A: I stay there, it would be a lie to say it's not for economic reasons. I get paid, I'm not a volunteer. But I truly love the job.

Q: Do you have any free time?

A: I do now. When I was working for the chain, we worked 12-hour shifts. And at the fire station we worked 24-hour shifts.

Q: Did you ever see your family?

A: Yeah. I used to walk in the house and my kids would say "You're that dad guy, right?" That's why I love where I am now because I work 9 a.m. to 5 p.m., five days a week.

Q: How do you fit firefighting into your week?

A: My fire schedule has been the same since I walked on the job. We work 24 hours and we are off 48 hours. So when I'm here, I'm here and giving it 100 percent of my attention. And when I'm there, I'm there giving it 100 percent of my attention.

Q: Do you see yourself in this dual role in the future?

A: Oh yeah. I mean for the foreseeable future, this is who I am. This is what I do. I've always had several different things going on since I was 14 or 15 years old.

Q: Do you have a life philosophy?

A: Life is not what you plan for, life is what happens when you are making the other plans and there's only so many ticks in the day. The ones you waste, you will never get back. I've always lived my life by the philosophy that some things are indeed impossible, which makes up about 2 percent, the other things are just difficult.

Q: Any goals?

A: On the fireman side of it, I have no aspirations. I don't want to be chief or assistant chief. All I want to do is my job. On this end of it, I would like to get people to go back to the mind-set that they used to have about their health care before it became this assembly line machine. If I can just get the little microcosm that we live in to think a little different and expect more, I'll call it a life.

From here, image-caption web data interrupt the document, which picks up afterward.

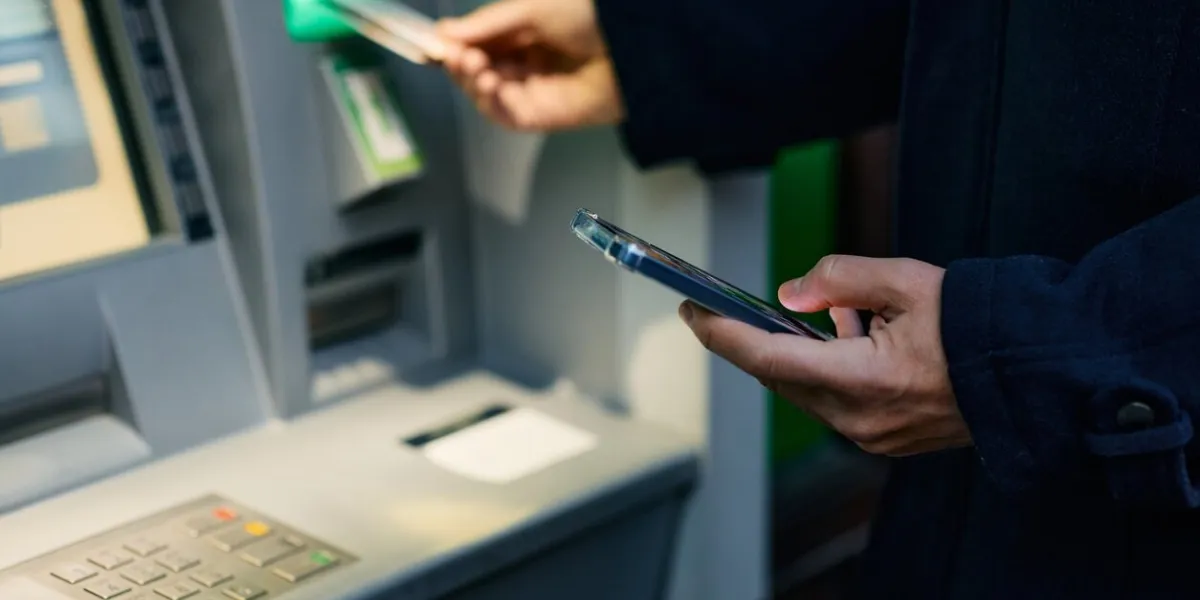 close up of using cell phone while inserting credit card in atm machine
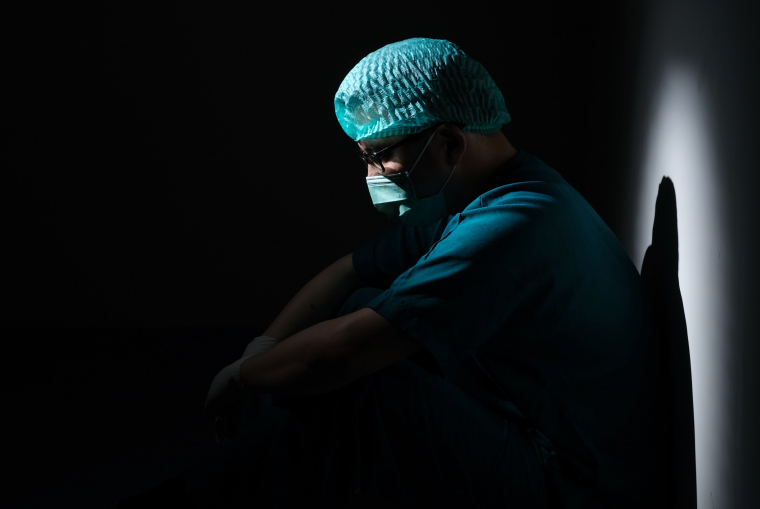 Ein Pfleger mit Kittel, Haarhaube und Maske sitzt in einem dunklen Raum und schaut nach unten. Licht scheint auf ihn. 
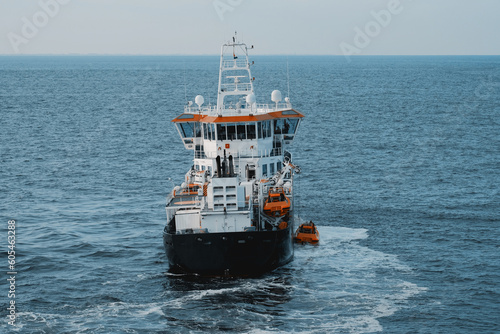 The pilot vessel on duty off the coast of the Netherlands. Search and rescue vessel at sea. Search and rescue operation. Lifeboat drill. Emergency response at sea.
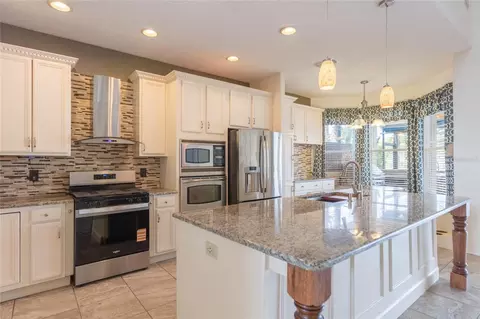 Kitchen - 18018 Java Isle Dr, Tampa, FL 33647 photo 2 of 7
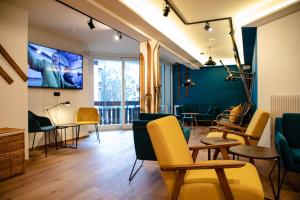 a living room with yellow chairs and a flat screen tv at Roomie Alps Design Hostel in Kitzbühel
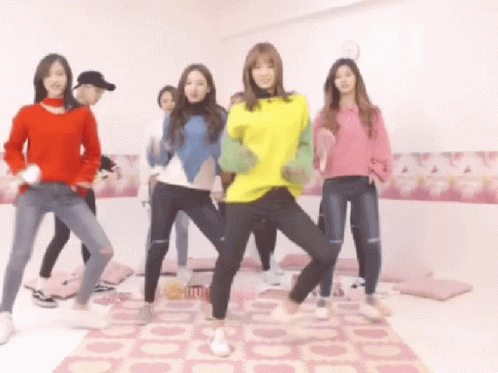 Group of Girls Dancing on Pink Rug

Q: I hear you are a Little League coach?

A: I am indeed.

Q: How's your team this year?

A: Well, the pitching staff is strong, but I'm a little light on the hitting market. We're working on that. It's a lot of fun. My son just looks at me like I'm a nut, so that's good.

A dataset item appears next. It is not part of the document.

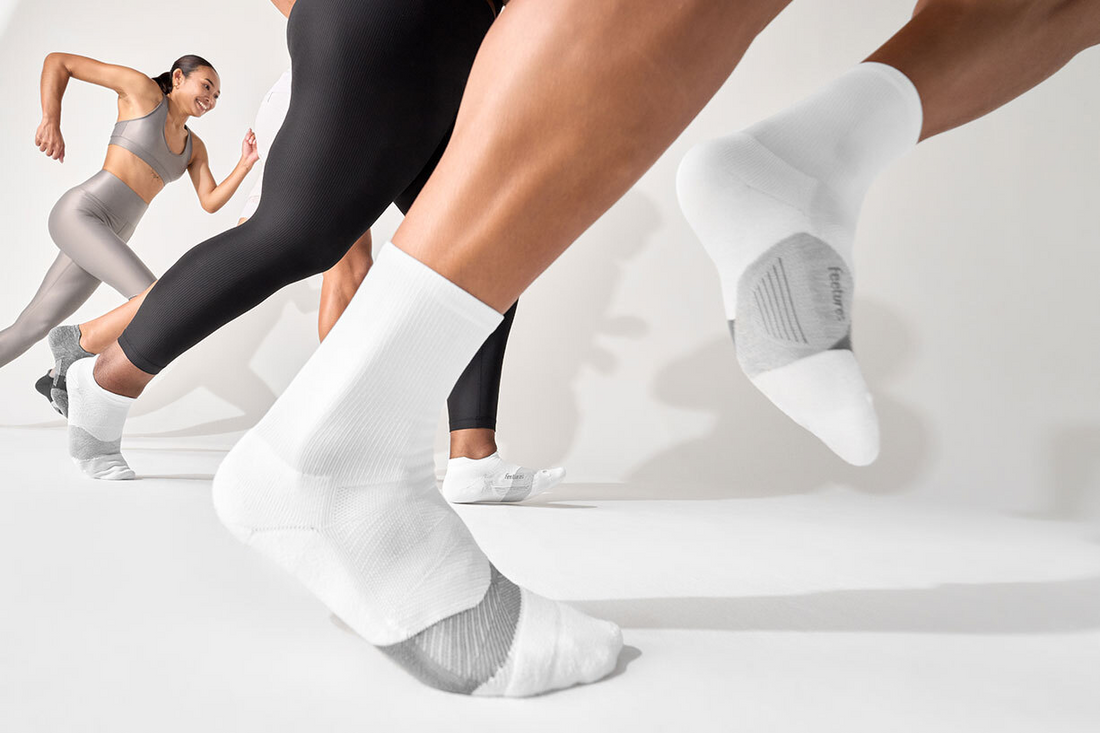 Women running in pairs of Feetures crew socks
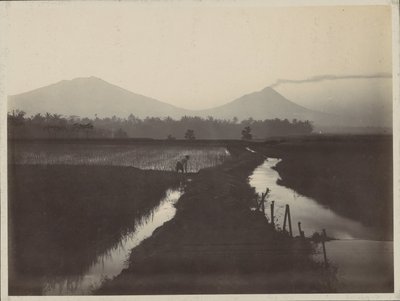 噴火する火山のふもとで土地を耕す男 作： Onnes Kurkdjian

Q: Why does he look at you like you're a nut?

A: I remember being that age and being in Little League and watching coaches become those animals we still have today who say "Winning, winning, winning. Come on, run those bases." And I just don't believe that.

Little League Baseball is about learning baseball and maybe developing a little character here and there. It's like guy school. How to accept victory with dignity. How to accept defeat without being a defeatist.

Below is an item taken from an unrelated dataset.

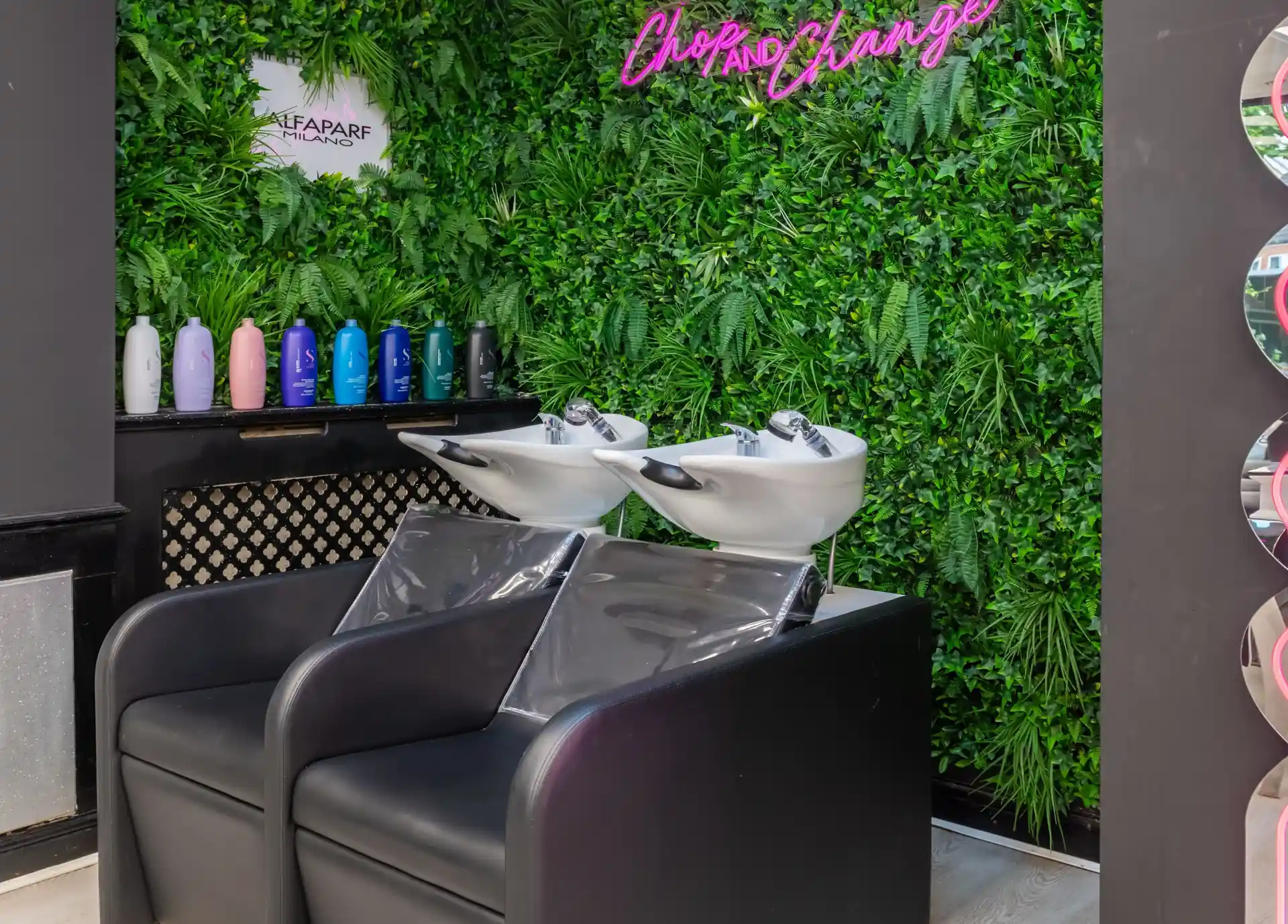 Hair wash stations at Hallie's Beauty with professional products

And those are the kind of things I just bust their humps about constantly. I'm in a constant state of making fun of everybody and they laugh. They realize its a game. It's a kids' game.

Q: Any hobbies?

A: I love to golf.

Q: What's your average?

A: None of your business. [laughs] It's bad.

Q: With all that you do, have you had to sacrifice anything?

A: More so before, than now. When my daughter was born, I was almost about to get out the Army and it was not a matter of if I would find a job, but when and how many [jobs.] I was busy as heck when I first got out. I was going to the fire station. I was in the [Army] reserves. I sacrificed a lot time early on with my daughter. But I make up for it. I spoil her rotten now.

Q: Have you always been this active?

A: It's probably some sort of subliminal effort to make up for a very worthless youth. I got in more trouble than any four people should be allowed to. I thought, well I've got to make up for that because there are Frequent Flyer miles to heaven. And I got a lot negative making up for.

THE WRITER/ Laure Cioffi, who covers Lawrence County in the New Castle Bureau, conducted the interview.